Für ein Spiel im Eurocup: Albas Zeitreise in die Schmeling-Halle

Für das Spiel gegen Virtus Rom zieht Alba heute in die Max-Schmeling-Halle, wo der Klub seine goldenen Zeiten erlebt hat. Mancher Fan denkt deshalb mit Wehmut an die Arena in Prenzlauer Berg zurück.

Sogar die alten Körbe sind noch da, komplett mit Europapokal-Logo der Saison 2007/2008. In den Katakomben der Max-Schmeling-Halle lagern auch alte Werbebanden und das Parkett, auf dem Alba Berlin bis vor fünf Jahren viele Siege errang und Titel feierte. Ab Donnerstag früh, 7 Uhr, wird die Arena in Prenzlauer Berg für einen Tag wieder zu Albas Heimhalle umgebaut, um 20 Uhr ist im Eurocup Virtus Rom zu Gast. Geschäftsführer Marco Baldi spricht beim Tagesausflug von einer „Zeitreise“, die sein Klub unternimmt. Man könnte auch von der Rückkehr zu einem Mythos sprechen.

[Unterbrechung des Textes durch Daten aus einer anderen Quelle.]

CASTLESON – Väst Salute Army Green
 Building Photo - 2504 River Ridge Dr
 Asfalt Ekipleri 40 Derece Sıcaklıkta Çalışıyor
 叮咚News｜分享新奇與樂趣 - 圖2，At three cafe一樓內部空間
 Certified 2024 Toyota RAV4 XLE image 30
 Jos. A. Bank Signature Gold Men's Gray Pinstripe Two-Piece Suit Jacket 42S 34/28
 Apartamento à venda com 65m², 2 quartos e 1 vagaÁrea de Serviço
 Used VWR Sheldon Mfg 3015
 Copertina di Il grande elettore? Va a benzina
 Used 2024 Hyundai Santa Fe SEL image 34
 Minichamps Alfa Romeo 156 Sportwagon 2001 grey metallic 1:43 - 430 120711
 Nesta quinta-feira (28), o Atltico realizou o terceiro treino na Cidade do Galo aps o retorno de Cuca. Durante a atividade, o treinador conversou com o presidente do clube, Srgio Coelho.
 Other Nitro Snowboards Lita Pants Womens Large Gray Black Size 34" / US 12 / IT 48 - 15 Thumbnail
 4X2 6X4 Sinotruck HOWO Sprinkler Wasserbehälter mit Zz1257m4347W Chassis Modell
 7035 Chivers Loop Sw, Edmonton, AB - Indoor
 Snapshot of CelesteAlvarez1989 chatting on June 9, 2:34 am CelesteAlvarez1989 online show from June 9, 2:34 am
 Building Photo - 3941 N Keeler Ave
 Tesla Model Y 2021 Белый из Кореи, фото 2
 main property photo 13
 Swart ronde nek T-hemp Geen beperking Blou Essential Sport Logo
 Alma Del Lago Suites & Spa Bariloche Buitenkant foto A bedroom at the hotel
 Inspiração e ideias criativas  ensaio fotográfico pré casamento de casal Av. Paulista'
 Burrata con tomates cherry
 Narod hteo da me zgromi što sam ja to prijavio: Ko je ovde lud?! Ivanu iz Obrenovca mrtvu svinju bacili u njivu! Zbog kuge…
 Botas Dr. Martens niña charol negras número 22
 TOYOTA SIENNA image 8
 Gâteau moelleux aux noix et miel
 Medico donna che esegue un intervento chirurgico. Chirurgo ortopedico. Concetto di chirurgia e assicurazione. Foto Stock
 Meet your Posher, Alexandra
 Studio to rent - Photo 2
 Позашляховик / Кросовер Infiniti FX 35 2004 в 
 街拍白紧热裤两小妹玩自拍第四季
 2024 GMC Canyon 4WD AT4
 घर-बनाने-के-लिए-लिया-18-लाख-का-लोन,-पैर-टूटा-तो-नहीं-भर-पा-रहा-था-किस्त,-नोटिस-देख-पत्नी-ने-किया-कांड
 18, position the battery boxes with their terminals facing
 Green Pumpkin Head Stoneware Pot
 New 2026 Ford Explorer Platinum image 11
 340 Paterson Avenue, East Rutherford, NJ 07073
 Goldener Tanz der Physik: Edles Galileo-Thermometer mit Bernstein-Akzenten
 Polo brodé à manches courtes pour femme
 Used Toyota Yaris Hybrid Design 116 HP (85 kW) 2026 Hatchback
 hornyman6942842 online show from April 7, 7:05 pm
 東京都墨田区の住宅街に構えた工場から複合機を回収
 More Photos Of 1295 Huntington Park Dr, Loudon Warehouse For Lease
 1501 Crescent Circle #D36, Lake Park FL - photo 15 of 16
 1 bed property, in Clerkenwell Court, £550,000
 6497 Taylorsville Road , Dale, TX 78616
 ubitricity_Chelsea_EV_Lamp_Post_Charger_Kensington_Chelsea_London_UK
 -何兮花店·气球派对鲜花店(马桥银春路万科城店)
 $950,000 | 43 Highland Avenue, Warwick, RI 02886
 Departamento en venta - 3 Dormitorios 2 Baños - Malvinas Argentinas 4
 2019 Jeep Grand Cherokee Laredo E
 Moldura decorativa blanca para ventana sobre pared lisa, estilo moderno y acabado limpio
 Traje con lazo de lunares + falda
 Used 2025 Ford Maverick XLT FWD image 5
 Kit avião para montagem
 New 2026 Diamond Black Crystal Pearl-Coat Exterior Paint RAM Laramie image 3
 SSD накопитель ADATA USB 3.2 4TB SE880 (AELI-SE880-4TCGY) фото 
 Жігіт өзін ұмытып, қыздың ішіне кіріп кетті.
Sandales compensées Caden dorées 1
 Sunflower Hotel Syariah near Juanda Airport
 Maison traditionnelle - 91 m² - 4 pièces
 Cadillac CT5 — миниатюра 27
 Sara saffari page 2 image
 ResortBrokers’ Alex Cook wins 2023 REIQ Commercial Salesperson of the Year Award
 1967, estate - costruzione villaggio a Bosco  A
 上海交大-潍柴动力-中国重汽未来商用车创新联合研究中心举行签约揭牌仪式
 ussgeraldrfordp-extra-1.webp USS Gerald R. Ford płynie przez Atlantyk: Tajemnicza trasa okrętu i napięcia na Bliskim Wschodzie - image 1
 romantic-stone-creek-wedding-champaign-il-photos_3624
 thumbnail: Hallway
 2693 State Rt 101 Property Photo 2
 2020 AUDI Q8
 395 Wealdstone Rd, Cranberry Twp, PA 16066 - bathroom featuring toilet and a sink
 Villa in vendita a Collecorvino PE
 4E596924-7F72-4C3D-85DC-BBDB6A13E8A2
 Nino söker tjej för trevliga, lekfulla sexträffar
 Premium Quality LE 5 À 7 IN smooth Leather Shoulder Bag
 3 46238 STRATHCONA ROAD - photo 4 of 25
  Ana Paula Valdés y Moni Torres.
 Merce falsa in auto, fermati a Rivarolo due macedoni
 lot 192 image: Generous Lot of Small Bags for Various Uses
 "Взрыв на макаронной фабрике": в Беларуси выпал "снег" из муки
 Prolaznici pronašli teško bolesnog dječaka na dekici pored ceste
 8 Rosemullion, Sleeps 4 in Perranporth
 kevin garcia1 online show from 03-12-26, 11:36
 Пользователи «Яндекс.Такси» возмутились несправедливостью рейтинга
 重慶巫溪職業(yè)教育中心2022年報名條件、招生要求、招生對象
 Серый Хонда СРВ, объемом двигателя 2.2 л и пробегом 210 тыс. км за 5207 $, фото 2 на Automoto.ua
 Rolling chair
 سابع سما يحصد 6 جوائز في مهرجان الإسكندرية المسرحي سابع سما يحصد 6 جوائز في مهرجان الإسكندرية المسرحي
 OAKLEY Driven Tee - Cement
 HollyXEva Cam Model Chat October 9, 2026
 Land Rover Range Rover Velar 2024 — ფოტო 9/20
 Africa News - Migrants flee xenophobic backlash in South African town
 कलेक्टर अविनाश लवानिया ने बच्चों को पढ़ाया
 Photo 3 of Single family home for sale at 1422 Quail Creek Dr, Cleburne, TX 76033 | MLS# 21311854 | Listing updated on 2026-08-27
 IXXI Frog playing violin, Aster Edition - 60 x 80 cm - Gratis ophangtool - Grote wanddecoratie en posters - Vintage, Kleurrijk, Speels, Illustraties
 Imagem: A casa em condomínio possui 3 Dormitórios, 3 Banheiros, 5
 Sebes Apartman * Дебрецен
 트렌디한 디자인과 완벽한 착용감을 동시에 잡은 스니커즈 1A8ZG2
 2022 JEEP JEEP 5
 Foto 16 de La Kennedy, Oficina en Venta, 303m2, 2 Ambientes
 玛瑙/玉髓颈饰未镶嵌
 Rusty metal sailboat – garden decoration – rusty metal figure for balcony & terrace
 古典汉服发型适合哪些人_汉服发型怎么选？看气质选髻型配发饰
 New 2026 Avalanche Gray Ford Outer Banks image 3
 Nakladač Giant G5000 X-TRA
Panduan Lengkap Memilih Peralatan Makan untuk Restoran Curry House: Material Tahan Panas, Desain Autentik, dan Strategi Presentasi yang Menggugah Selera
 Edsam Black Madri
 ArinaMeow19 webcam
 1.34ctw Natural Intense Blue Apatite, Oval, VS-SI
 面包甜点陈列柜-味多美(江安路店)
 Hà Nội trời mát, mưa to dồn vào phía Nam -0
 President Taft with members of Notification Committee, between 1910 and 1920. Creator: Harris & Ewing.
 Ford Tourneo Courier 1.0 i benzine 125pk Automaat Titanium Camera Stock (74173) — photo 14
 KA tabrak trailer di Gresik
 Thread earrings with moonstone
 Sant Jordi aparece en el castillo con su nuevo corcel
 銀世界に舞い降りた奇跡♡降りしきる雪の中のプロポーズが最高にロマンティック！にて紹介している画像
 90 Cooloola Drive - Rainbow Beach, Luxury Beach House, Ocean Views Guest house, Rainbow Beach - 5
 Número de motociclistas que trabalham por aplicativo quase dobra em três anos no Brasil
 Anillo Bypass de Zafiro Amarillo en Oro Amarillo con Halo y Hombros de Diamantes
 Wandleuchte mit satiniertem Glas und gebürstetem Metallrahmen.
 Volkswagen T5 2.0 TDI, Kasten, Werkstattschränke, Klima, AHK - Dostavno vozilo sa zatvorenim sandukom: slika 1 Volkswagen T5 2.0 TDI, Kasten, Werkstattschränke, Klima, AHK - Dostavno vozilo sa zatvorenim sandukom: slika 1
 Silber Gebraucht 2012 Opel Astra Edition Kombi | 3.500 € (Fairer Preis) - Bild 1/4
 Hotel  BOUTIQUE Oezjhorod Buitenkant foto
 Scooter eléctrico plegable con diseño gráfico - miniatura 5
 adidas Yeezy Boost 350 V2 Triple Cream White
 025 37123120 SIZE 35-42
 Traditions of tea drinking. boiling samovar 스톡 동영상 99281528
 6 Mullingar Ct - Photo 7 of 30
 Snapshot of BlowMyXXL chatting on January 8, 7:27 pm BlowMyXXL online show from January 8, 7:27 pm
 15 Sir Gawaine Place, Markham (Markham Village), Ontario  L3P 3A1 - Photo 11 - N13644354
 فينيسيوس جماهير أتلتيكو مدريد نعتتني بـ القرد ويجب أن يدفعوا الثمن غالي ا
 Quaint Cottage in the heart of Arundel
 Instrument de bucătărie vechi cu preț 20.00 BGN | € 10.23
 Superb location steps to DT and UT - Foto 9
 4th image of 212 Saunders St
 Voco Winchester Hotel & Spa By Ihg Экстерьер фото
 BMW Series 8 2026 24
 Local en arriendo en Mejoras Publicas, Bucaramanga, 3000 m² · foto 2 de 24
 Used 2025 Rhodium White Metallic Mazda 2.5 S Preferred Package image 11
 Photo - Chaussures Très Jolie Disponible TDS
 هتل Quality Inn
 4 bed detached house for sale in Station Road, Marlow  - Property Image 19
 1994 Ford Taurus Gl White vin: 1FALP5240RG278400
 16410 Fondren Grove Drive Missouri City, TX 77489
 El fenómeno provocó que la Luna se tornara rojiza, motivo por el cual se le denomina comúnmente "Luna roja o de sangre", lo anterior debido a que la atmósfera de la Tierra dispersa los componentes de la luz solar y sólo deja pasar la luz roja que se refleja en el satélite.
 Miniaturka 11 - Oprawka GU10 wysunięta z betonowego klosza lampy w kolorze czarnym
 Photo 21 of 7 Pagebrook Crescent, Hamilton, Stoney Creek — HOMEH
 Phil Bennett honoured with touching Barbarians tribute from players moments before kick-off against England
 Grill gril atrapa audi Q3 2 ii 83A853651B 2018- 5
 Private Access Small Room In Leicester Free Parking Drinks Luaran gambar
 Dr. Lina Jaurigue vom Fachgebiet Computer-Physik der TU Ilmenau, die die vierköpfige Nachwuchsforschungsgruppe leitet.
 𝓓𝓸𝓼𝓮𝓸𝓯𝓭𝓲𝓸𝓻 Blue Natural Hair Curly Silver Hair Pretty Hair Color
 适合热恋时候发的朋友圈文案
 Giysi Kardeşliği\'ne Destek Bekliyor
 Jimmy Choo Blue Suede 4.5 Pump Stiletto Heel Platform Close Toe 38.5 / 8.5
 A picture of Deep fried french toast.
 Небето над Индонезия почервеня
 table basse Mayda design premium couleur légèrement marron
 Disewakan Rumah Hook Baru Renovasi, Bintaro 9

Die Berliner spielten von 1996 bis 2008 am Falkplatz, in diese Zeit fallen alle acht Meistertitel und fünf der sieben Pokalsiege. Hinzu kamen legendäre Spiele wie das 141:127 gegen Bosna Sarajewo nach fünffacher Verlängerung, immer noch die längste je gespielte Partie im Basketball-Europapokal. Es war Albas goldene Zeit, mancher Fan denkt deshalb mit Wehmut an die Max-Schmeling-Halle zurück. Als der Klub Ende Oktober bekannt gab, dass das Spiel gegen Rom wegen Terminschwierigkeiten mit der Arena am Ostbahnhof – dort wird in dieserWoche die Show „Ice Age live“ aufgeführt – in die Schmeling-Halle verlegt würde, reagierten viele Anhänger mit spontaner Euphorie. Die große Nostalgiewelle und ein Ansturm auf Tickets sind aber ausgeblieben. Am Mittwochabend waren immer noch Restkarten für das Spiel zu haben.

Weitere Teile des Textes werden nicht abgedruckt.